Any pictures in the records below must be left out when you repeat the lines from the line containing "Проснемся вместе? (2012)" through the line containing "Кракен продажа наркотиков" exactly.

> [Entries provided]

______

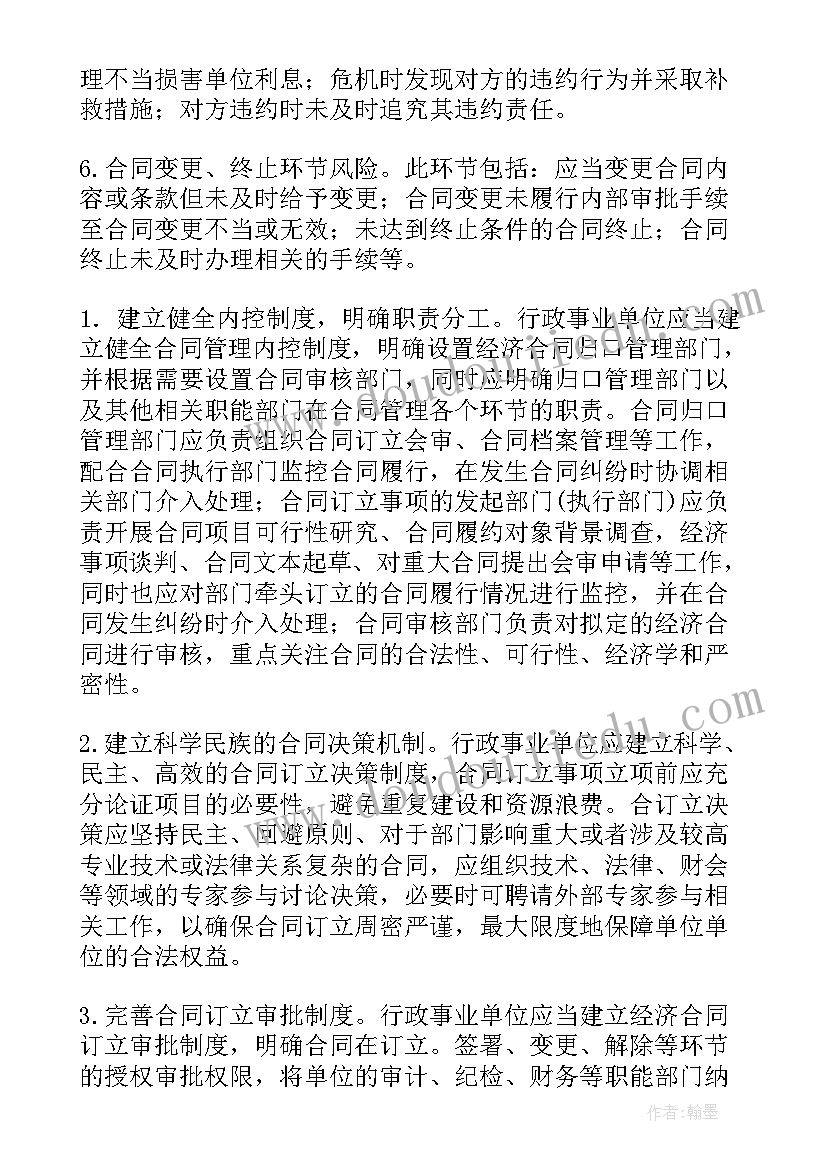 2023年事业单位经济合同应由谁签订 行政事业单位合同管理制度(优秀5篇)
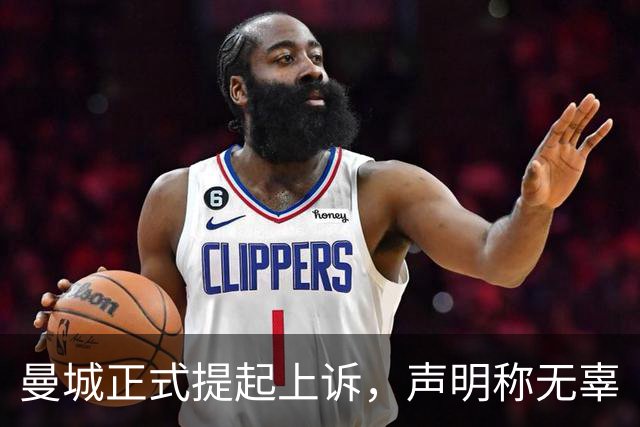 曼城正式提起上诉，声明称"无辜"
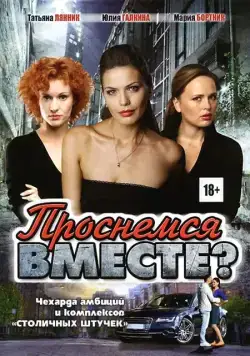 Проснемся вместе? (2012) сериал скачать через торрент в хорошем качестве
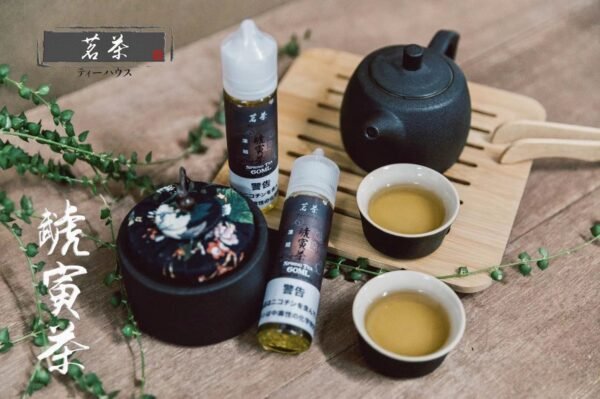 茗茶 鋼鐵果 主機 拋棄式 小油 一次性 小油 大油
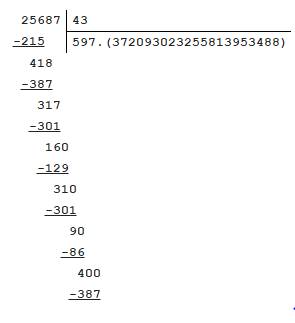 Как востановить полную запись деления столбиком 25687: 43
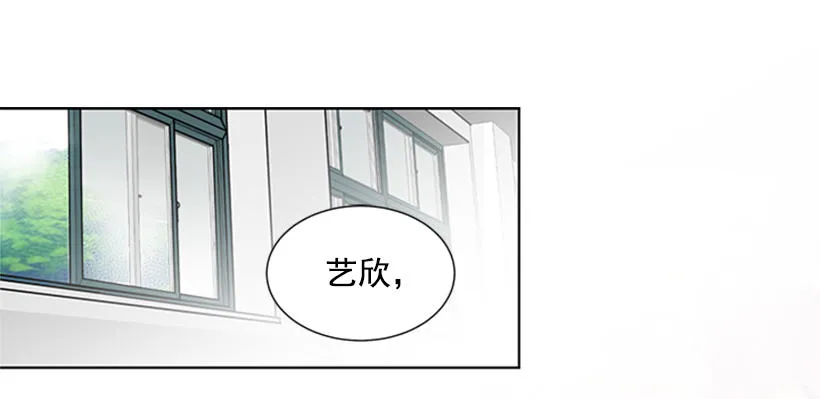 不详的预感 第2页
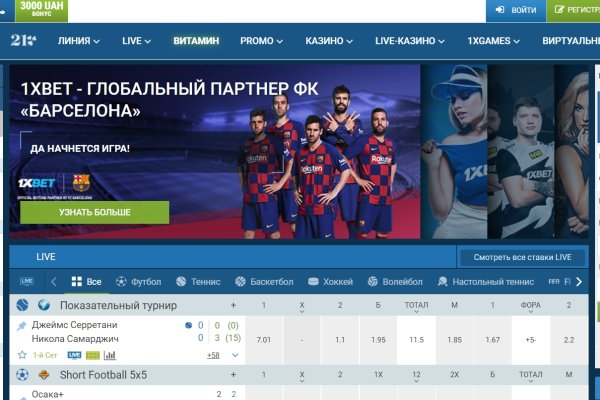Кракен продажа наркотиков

______

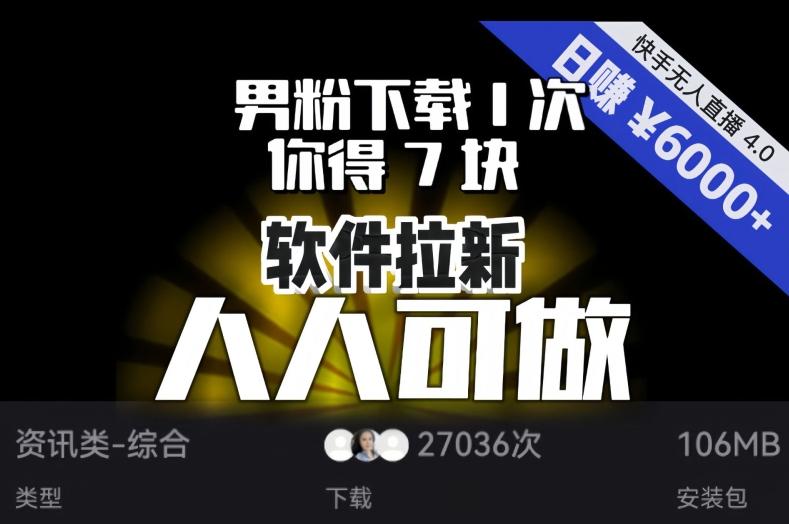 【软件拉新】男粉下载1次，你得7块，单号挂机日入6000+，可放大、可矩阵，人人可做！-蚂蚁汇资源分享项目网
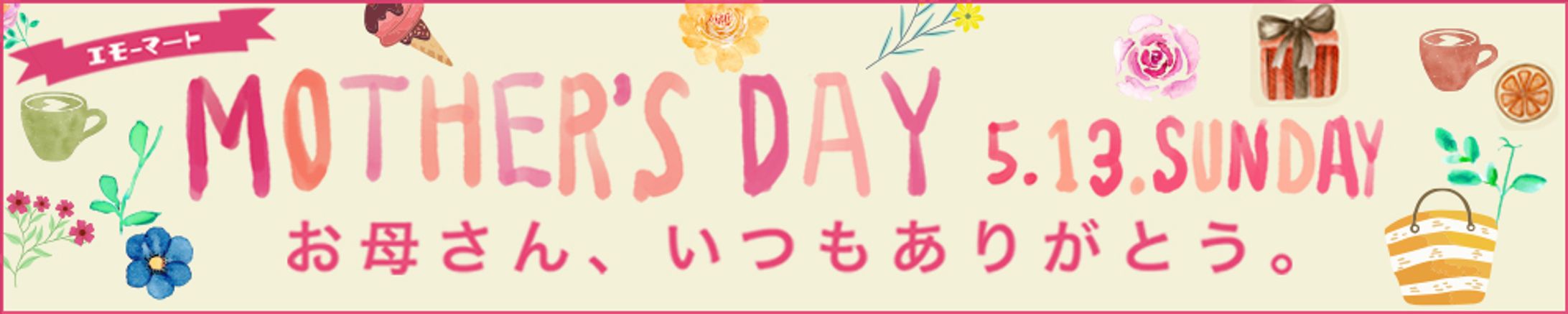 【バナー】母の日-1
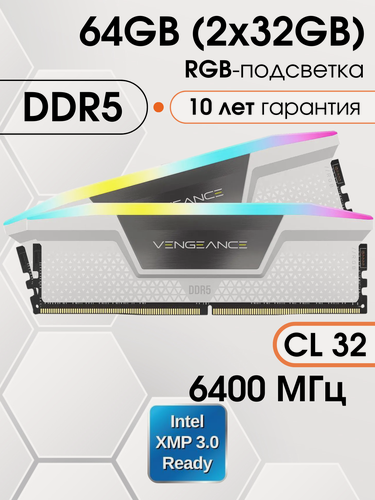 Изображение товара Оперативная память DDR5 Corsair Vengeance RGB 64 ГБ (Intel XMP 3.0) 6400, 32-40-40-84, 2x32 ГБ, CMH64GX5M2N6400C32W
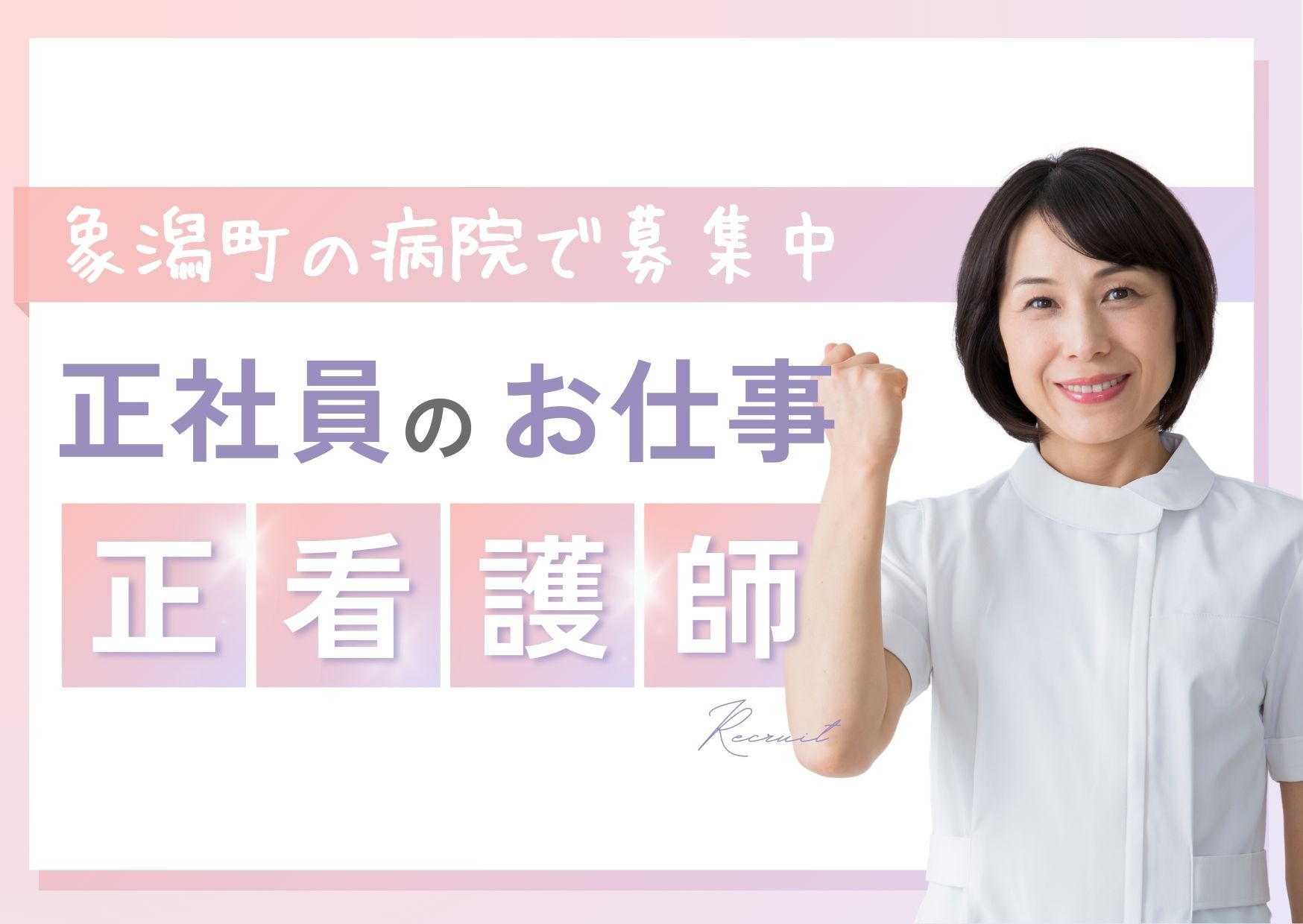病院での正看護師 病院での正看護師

______

> [Answer area]
 Проснемся вместе? (2012) сериал скачать через торрент в хорошем качестве
 茗茶 鋼鐵果 主機 拋棄式 小油 一次性 小油 大油
 Как востановить полную запись деления столбиком 25687: 43
 不详的预感 第2页
Кракен продажа наркотиков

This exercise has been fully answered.